Community exists whenever people connect and interact. The concept of virtual communities arose as people began to gravitate to online mediums nearly forty years ago. Social media is the latest in a long line of evolving technologies that enable people to form community regardless of time, distance, or other barriers. The pace and proliferation of social media is the realization of what McLuhan described as the global village and Telsa envisioned as the globally networked brain or nervous system (Federman 2004).

Social media and virtual communities
Virtual communities have the same challenges as analog communities. Community members play roles and assume tasks in order to sustain the community. In his book The Different Drum, M. Scott Peck describes his theory of the four stages of community building. The first is pseudo-community, where members interact and behave in superficial ways to avoid conflict. I think that best describes the state of most social media interaction.

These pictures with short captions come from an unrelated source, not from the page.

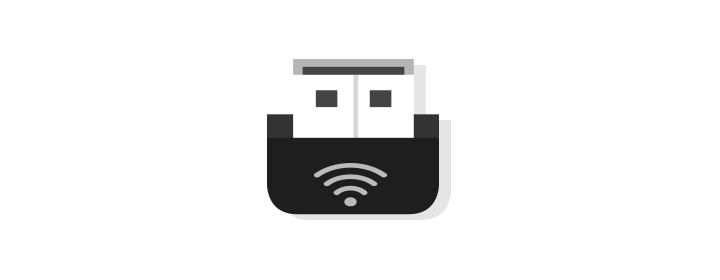 Share USB dongle over Network - how to duplicate a dongle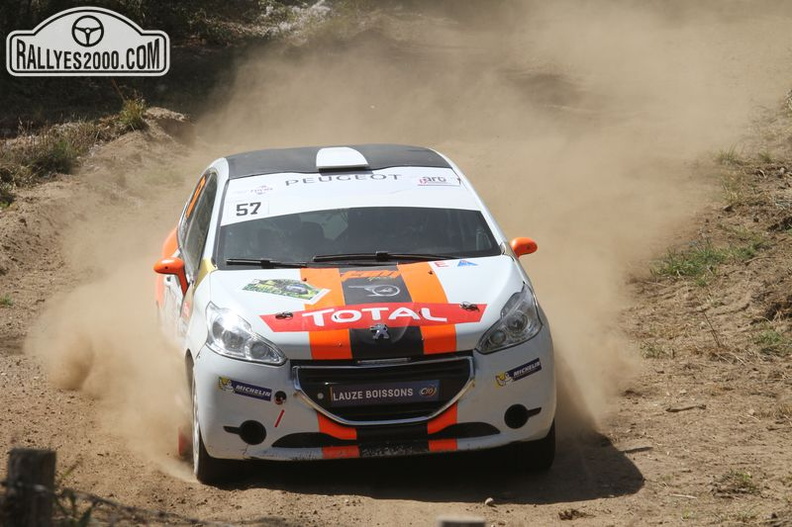 Terre Lozere 2017  (0233)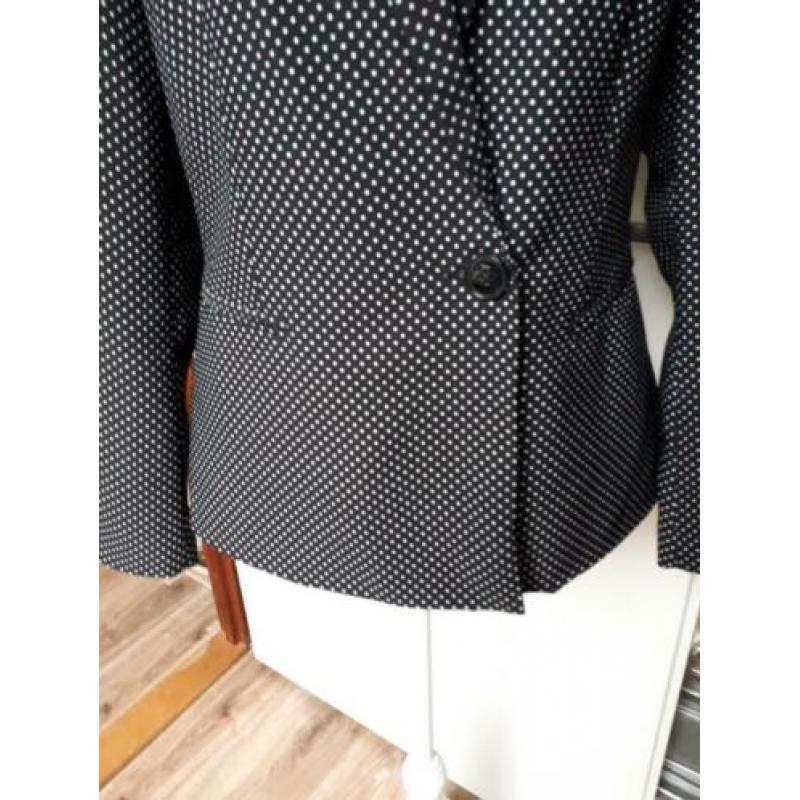 Blazer/jasje Vera Moda 40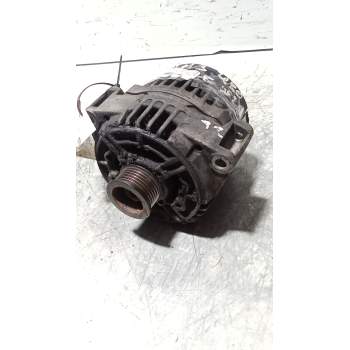 ALTERNADOR A0101542902 0123520006 150A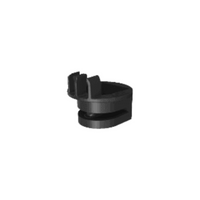 Thumbnail for Esdec ClickFit EVO Auxiliary Set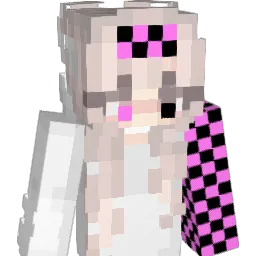 Liam_pickle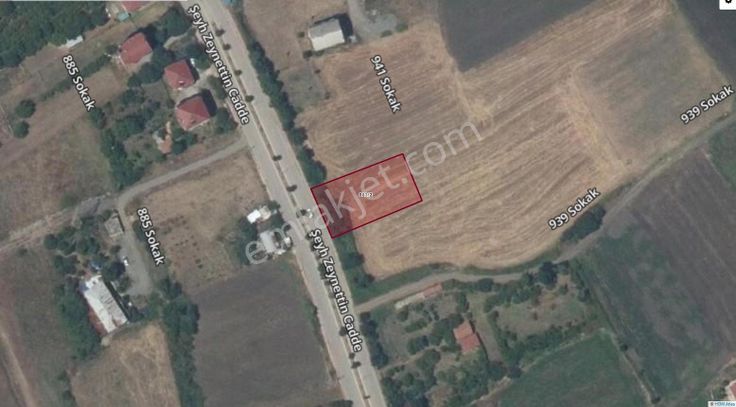 emlakjet-image-not-found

However, social media is a powerful platform. Through reach, frequency, and immediacy, social media is transforming the personal, family, and social sphere. In Peck’s nomenclature, a sense of community comes from going beyond superficial interaction; hiving around common issues, problems, and needs; developing supportive norms and behaviors for community interaction; and working through difficulties and misunderstandings to achieve community-based learning, problem-solving, and understanding. To achieve sustainability, virtual communities must continue to evolve toward this sense of true community.

Trends and influences
The drive toward true community is already giving rise to the need for specialized private networks. These so-called “white label” platforms provide a generic, almost invisible platform for a community to build and brand its identity through member engagement and user-generated content. These personalized social networking platforms  are emerging to fill the desire to achieve true community outside the commoditized, widely known social media sites. Check out these examples:

The convergence of social media to mobile will also influence virtual communities, not because of the mode itself, but because mobile is a ubiquitous, global presence that is embedding social media in all aspects of life. Community members can engage with greater relevance in real-time through mobile social media applications. Your community is never farther away than a text, tweet, or post on a mobile device that is often the first and last check-in of the day.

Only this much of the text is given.